The stalled SDF merger is also fueling mistrust, raising the risk of armed confrontation, and exposing communities to renewed violence. Weak unification of the armed forces sustains parallel structures, sharpens local rivalries, and increases the likelihood of internal clashes. Fragmentation and poor discipline inside divisions that have been absorbed into state forces also hinder their ability to provide security without committing violations, as seen in the coastal unrest in March 2025 and the July violence in Sweida.
Post-Assad Syria’s first year of DDR demonstrates both what rapid stabilization can achieve and why partial success is not enough. The transitional authorities have shown that rapid action can dismantle large armed formations, dissolve regime-era institutions, and bring opposition factions under a unified command. Yet these gains remain fragile, because the process has been narrow, uneven, and insufficiently integrated into the broader transition. At this stage, failure to close these gaps risks turning early progress into a source of renewed instability.

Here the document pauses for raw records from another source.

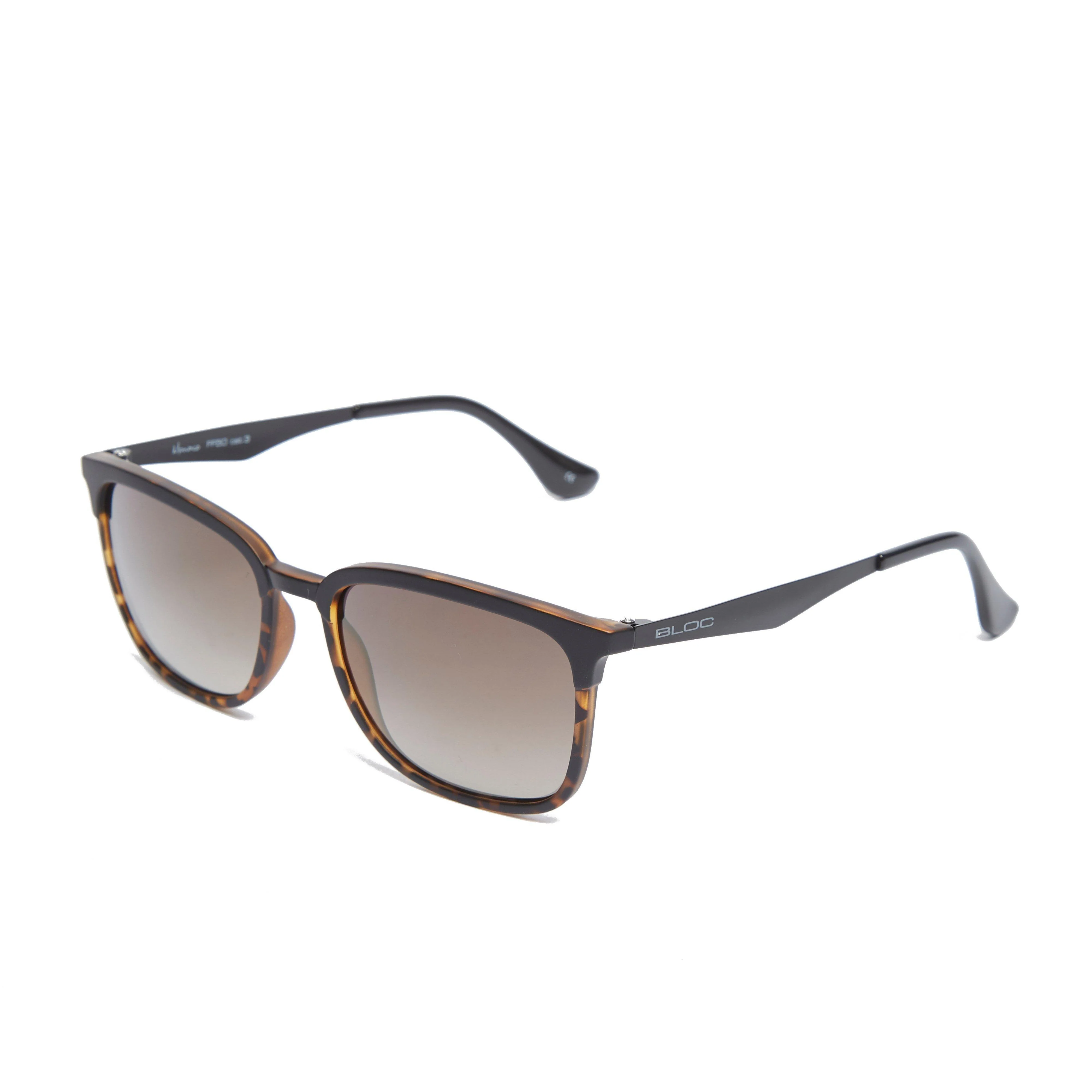 Monaco FF52 Sunglasses - Image 4
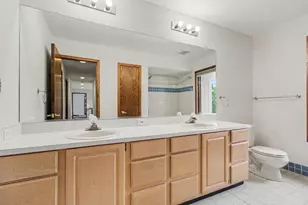 4837 Starak Ln, Ann Arbor, MI 48105 - Photo 45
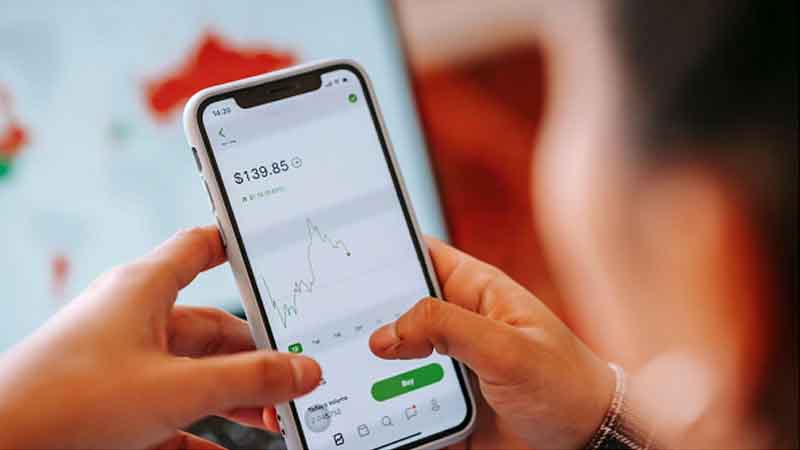 Recent IPO Success Stories: Stocks That Doubled Investor Returns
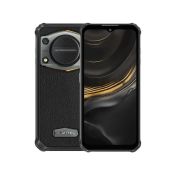 OUKITEL WP22 8/256GB 10000mAh schwarz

The core policy imperative is clear: Syria must move from ad hoc, security-first measures toward a comprehensive, nationally anchored DDR strategy that is embedded in political reform, community protection, justice, and economic recovery. Without this shift, disarmament, demobilization, and reintegration will continue to advance unevenly, leaving weapons in circulation, loyalties divided, and former combatants without viable civilian futures.
Operationally, this requires national standards for disarmament that combine voluntary handovers with credible incentives and enforcement, alongside demobilization procedures that are transparent, consistent, and linked to protection and accountability. Reintegration must become the central component of DDR, providing livelihoods and psychosocial support to demobilized fighters while strengthening cohesion and discipline within the new security institutions. To sustain this effort, the authorities also need a national DDR coordination and funding mechanism capable of mobilizing domestic and international resources.
If pursued coherently, DDR can anchor Syria’s transition in a unified state that delivers security through institutions rather than force. If not, Syria risks replacing centralized coercion with a fragmented landscape of armed actors. As such, a nationally owned, integrated DDR framework is not a technical supplement to the transition—it is a vital element that will determine whether it succeeds or fails.